The one consolation of being forced to motor any significant distance on Rutea is that usually the seas are flat and such was the case as we made our way north across the Java Sea. The freighter traffic was pretty intense, though, and we had to dodge a lot of fishing boats as well. One boat was paying out a net that was over 2.5 miles long.
|Mei Goreng in the Making
We deliberately timed our arrival at the mouth of the Kumai River to the beginning of a flood tide and even though we had to continue to dodge freighters, we were able to sail the entire twenty miles upstream to the town of Kumai. Friends of ours had made arrangements with a tour operator and booked us a two-night, three-day passage on a boat that will take us to the Tanjung Puting National Park where orangutans live in their natural habitat. It has been said that this is a safe place to leave the boat for a few days and we’re going to hope for the best.

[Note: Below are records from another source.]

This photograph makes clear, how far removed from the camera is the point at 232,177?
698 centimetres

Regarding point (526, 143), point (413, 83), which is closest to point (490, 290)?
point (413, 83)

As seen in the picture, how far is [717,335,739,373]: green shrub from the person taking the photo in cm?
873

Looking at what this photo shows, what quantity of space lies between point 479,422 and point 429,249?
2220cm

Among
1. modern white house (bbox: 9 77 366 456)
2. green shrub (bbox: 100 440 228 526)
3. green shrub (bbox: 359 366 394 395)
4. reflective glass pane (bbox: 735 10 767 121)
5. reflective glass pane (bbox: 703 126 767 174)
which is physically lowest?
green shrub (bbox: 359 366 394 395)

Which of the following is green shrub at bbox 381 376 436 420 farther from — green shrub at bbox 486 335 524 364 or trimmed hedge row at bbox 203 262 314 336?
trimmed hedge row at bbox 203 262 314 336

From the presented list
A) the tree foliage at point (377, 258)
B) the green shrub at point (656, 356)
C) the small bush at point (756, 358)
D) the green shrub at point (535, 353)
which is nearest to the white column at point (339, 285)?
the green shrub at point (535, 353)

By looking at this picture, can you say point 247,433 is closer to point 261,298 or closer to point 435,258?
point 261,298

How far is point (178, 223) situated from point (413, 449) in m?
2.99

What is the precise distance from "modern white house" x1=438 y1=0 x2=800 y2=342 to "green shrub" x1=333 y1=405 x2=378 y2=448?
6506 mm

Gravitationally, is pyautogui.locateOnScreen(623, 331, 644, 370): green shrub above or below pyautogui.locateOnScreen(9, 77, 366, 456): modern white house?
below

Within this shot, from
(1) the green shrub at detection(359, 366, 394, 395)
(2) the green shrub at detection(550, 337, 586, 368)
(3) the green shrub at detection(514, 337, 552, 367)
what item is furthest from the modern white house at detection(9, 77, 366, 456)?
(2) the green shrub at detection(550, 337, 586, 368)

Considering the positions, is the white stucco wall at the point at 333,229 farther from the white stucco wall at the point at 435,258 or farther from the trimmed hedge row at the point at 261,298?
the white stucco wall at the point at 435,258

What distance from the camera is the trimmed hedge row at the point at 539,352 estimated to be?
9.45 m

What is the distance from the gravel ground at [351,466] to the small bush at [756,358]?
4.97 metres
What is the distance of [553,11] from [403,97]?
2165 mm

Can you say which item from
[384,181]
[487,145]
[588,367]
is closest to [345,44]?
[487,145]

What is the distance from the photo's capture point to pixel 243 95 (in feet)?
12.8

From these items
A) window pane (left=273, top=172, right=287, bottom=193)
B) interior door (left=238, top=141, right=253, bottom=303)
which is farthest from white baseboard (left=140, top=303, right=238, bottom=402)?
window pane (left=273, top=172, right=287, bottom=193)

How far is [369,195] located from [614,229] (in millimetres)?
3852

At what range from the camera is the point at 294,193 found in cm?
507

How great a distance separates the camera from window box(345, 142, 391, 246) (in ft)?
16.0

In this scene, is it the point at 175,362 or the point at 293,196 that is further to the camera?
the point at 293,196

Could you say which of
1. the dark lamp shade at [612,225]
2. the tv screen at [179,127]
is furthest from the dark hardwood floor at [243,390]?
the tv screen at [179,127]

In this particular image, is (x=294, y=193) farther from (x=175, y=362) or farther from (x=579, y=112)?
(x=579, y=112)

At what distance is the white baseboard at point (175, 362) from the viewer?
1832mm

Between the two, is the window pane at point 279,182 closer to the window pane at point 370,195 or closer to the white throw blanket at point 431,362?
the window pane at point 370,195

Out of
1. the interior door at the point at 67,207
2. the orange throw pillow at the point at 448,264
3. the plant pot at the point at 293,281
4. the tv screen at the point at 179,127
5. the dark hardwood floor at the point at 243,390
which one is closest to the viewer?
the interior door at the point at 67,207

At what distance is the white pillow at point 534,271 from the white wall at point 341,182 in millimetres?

Today we went into the town of Kumai and I think it is easily one of the ugliest towns I have ever seen. Besides the typical dusty streets and the litter everywhere, this town has hundreds of tall concrete buildings that have no windows – they look like small prisons. In fact, they’re nesting sites for swiflets who build their nests from their saliva. Apparently, the Chinese have a fondness for Bird’s Nest Soup and a kilo of this tasteless, hardened bird spit can fetch up to US$3,000. The buildings have loudspeakers on the roofs and play the swiftlet song, hoping to attract more birds.
|Hold on to that power line!
Despite the usual trappings of a poor Third World town and the fact that its hot as hell and the power was out, we were able to find a decent plate of Mei Goreng (fried noodles and vegetables) for about US$1.00. The market had a nice selection of fresh produce and we bought some beautiful fresh fish for slightly over US$2.00 per pound (take that, PLSF!). We’re very excited about our trip to the deep, dark jungle of Borneo tomorrow and I promise a posting soon after we return.